Die gebürtige Leipzigerin entwickelte ihre Liebe zur Malerei schon in ihrer Kindheit. Bis heute verewigt die ausgebildete Porzellanmalerin ihre Gedankenwelt in traumhaften und anspruchsvollen Öl-, Acryl-, Federtusch-, Stoff- und Aquarellmalereien. Wendt scheute nie den Wechsel der Stilrichtungen und ist ein künstlerisches Multitalent.

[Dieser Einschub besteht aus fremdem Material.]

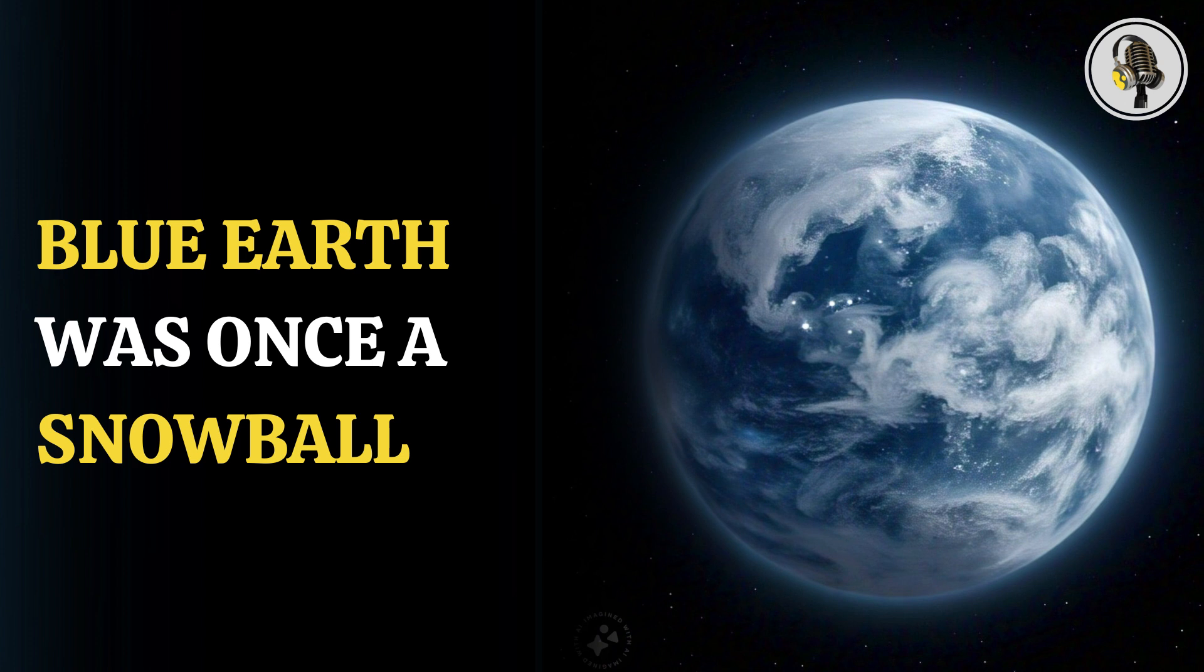The researchers have unraveled that the Blue Earth, which in today's times has green terrains and blue oceans, was once a huge chunk of ice. The scenario of snowball Earth is not some sort of imagination, but the reality of Earth millions of years ago.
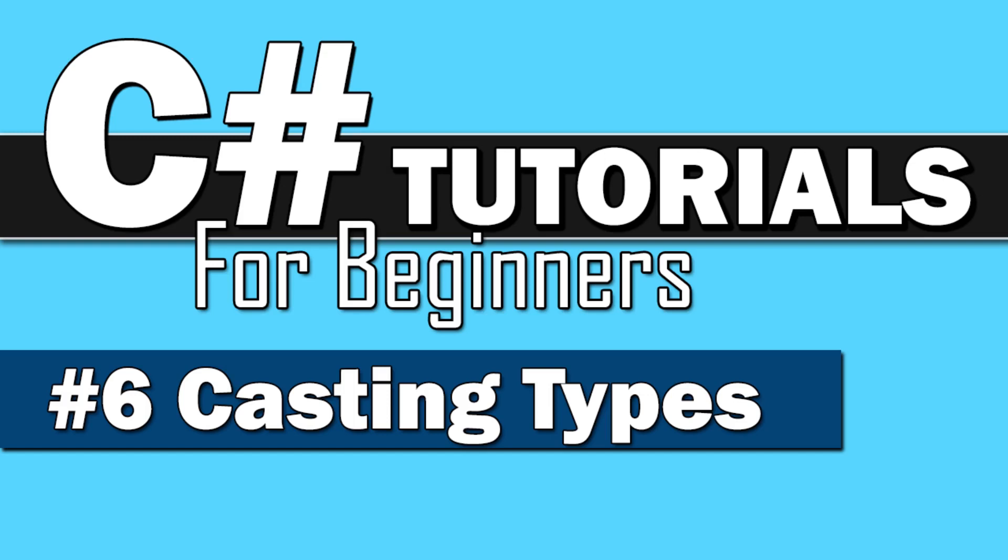Welcome back, everybody, to C Sharp Tutorials for Beginners. This time we're going to do casting types, so let's just jump right in.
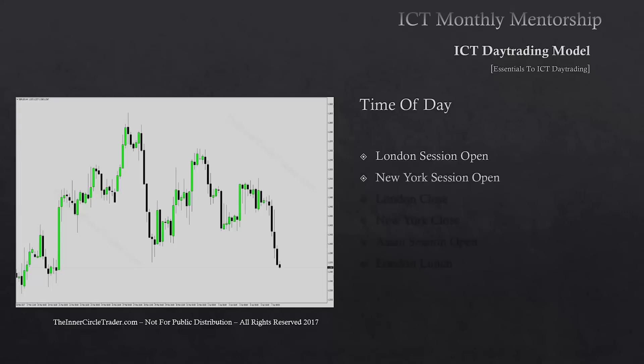The next time window is the New York session open — this is primarily the easiest one to work with. London can be a little bit of a beast, so you have to know more about IPTA, how the daily ranges form within the weekly range, and then the weekly range forms within a monthly range. All of these fractal ideas have to be utilized in modular fashion, and over time you'll get a better understanding of how the sessions unfold. But New York primarily is really, really good.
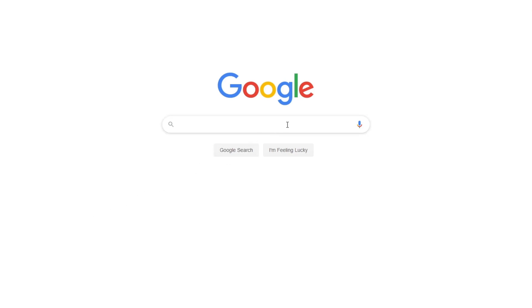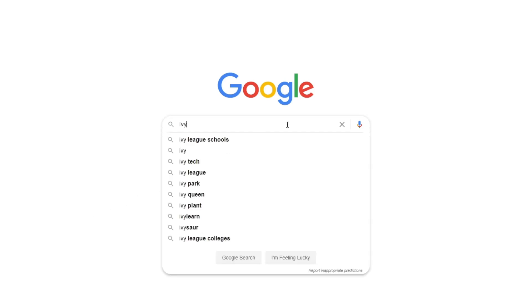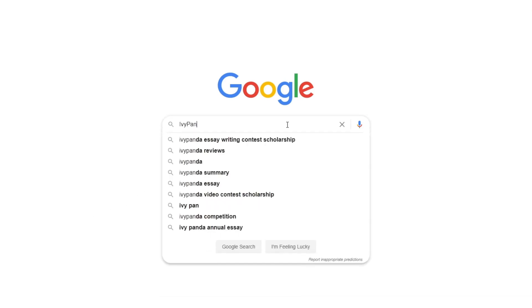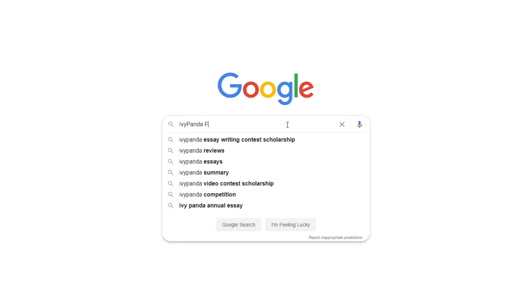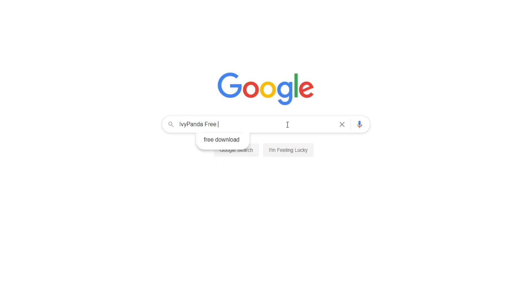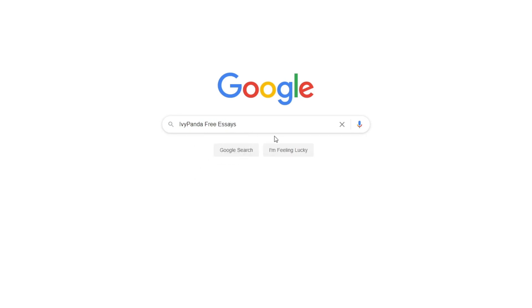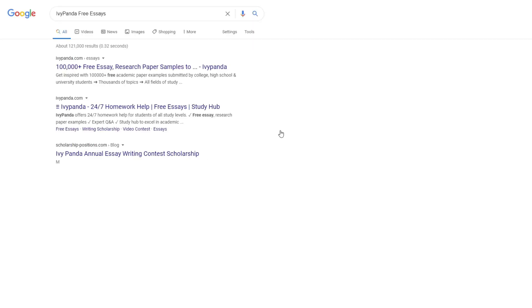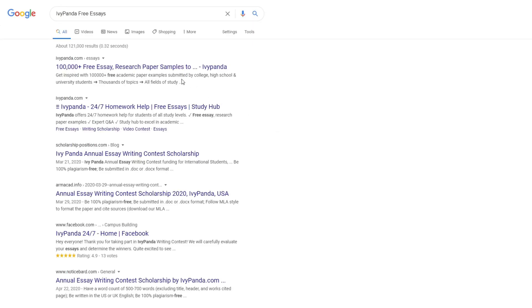This essay example, as well as thousands of others, is available in text format on our website for free and without registration. Simply Google Ivy Panda Free Essays.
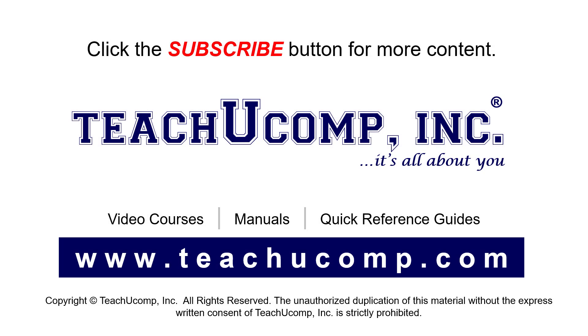Remember to click the subscribe button to see more of our videos. See our full suite of courses, instruction manuals, and quick reference guides at www.teachucomp.com.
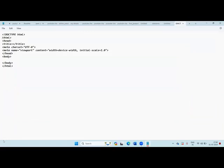If you want to know the basic HTML code, you can go to our previous topics and learn it. The structure includes: `<html>`, `<head>`, `<title>`. I will give the title as 'First JS Assignment'. This is our first JavaScript lesson. The code includes `<meta charset>`, `<meta name>`, then `</head>` and `<body>`.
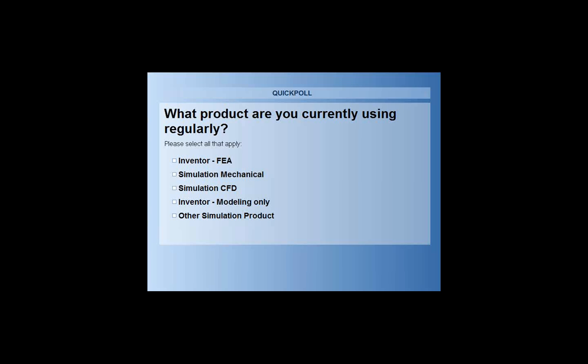Hopefully you see a couple of items. We're going to ask you what type of products you're currently using. It just gives us a background of who we're connecting with today.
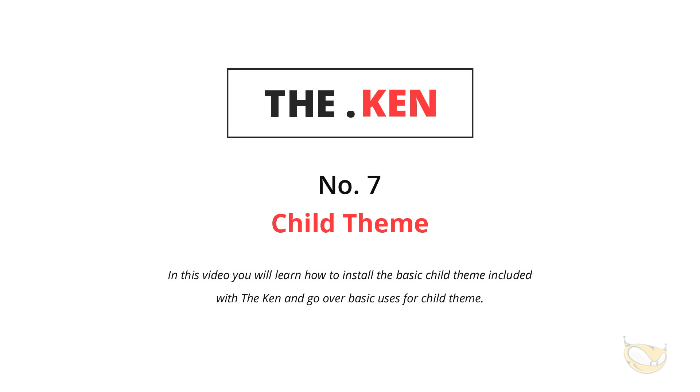Hello and welcome to the Ken multi-purpose creative WordPress theme. This is video number seven on the child theme. In this video I'm going to show you how to install the basic child theme included with the Ken and go over some basic uses of the child theme.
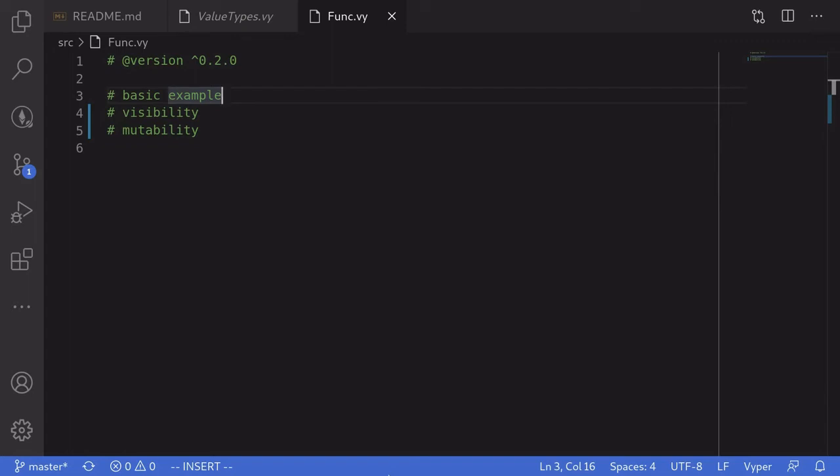In this video, let's go over how to write functions in Vyper. First I'll show you a basic example, and then we'll talk about visibility and mutability.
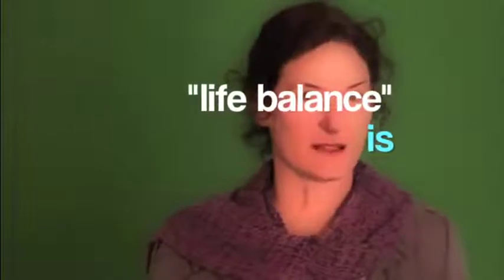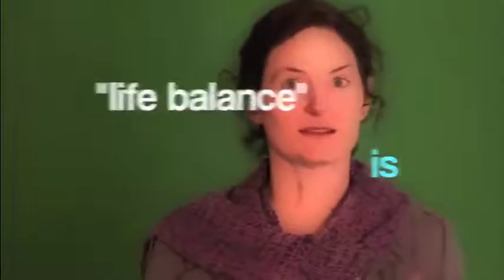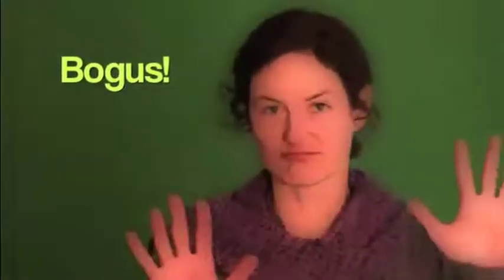Okay, so the topic today is balance. Or more specifically, why life balance is bogus. We're done with it, this whole concept of life balance.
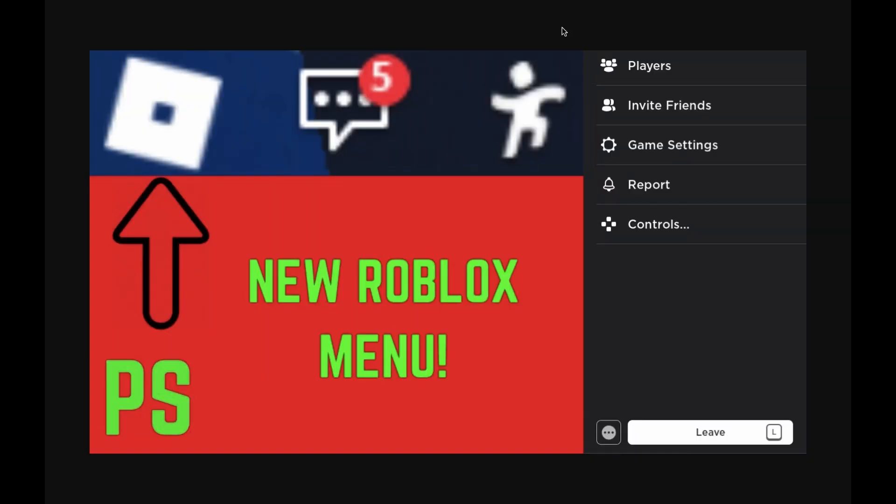Oh, and also, if you do want to know about all the features for the new Roblox menu, then I will leave a link to one of my other videos so that you can get all the details about that. So if you do want that, then there is a link to that in the description.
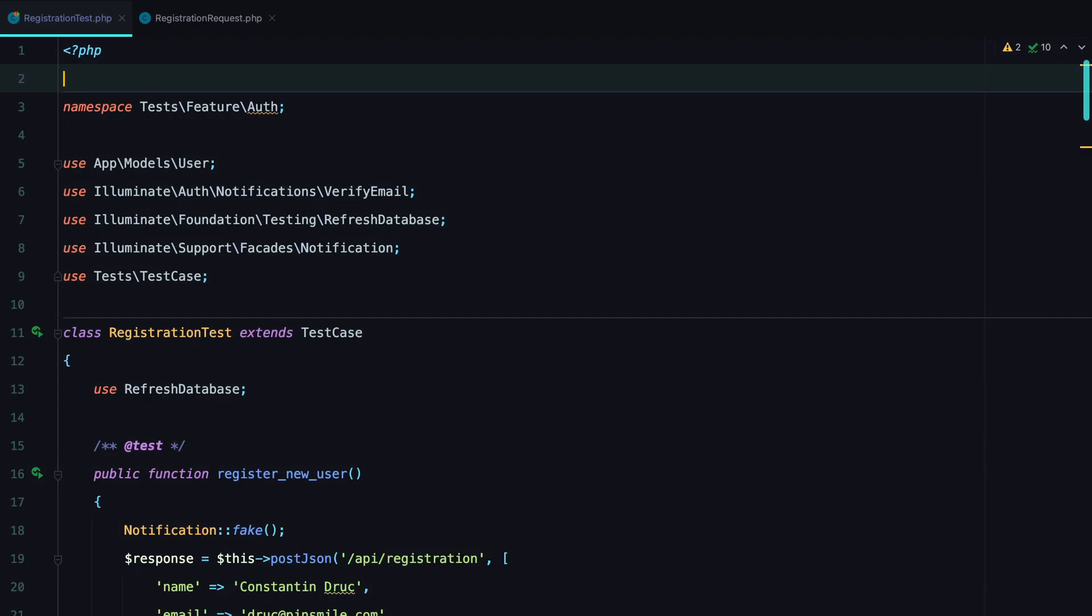Every time I tell someone how I test validation in Laravel, their reaction is somewhere in the lines of, wait what, this is so much better, I wish I knew it existed. So yeah, here's how I test validation in Laravel.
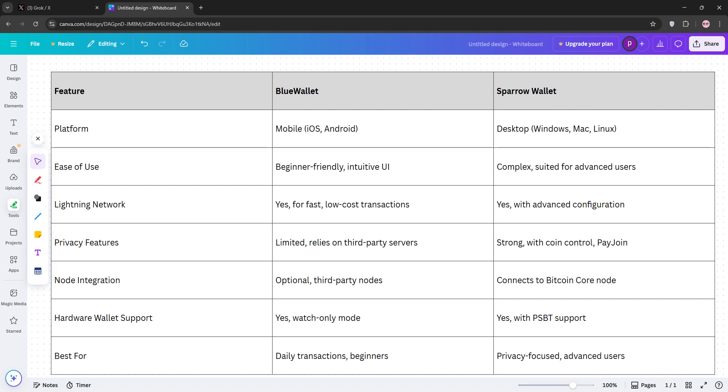Sparrow, on the other hand, prioritizes privacy, advanced features, and full node integration, making it ideal for power users who value security and control. Blue Wallet's downside? Less privacy due to server reliance. Sparrow? No mobile app and a steeper learning curve.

Künstlerisches Multitalent verewigt eigene Gedanken zum Klimawandel in ihren aktuellen Gemälden

Mit den auf der SWISSARTEXPO digital ausgestellten Bildern “Der Mensch-Macht und Ursache zur Umweltveränderung”, “Das wertvollste Gut” und “Spielregeln für den Weltfrieden” trifft die talentierte Malerin besser denn je den Zahn der Zeit. Visuell augenblicklich erkennbar, beschäftigen sich diese Gemälde mit den bewegenden und wichtigen Themen des Klimawandels und der Traurigkeit über immer noch herrschende gewaltvolle Konflikte auf unserem Planeten. Eindrucksvoll zeigt uns Wendt sozialkritisch und umweltbewusst, wer für das Gute und das Schlechte auf dieser Welt verantwortlich gemacht werden kann und es allein in der Hand hat, die Dinge zum Besseren zu wenden.

Kunstwerk von Jana Wendt

Jana Wendt appelliert an das Verständnis des Menschen und gibt ihm gleichzeitig Lösungsansätze mit auf den Weg. Das Werk “Das wertvollste Gut” macht ganz eindeutig klar, was viele von uns Menschen oft vergessen, nämlich dass die Zeit, die wir auf dieser wunderschönen Erde verbringen dürfen, einmalig und kostbar ist. Genauso ist es die Natur, die im Einklang mit dem Menschen lebt, was das Gemälde “Der Mensch-Ursache und Macht zur Umweltveränderung” tiefgründig behandelt.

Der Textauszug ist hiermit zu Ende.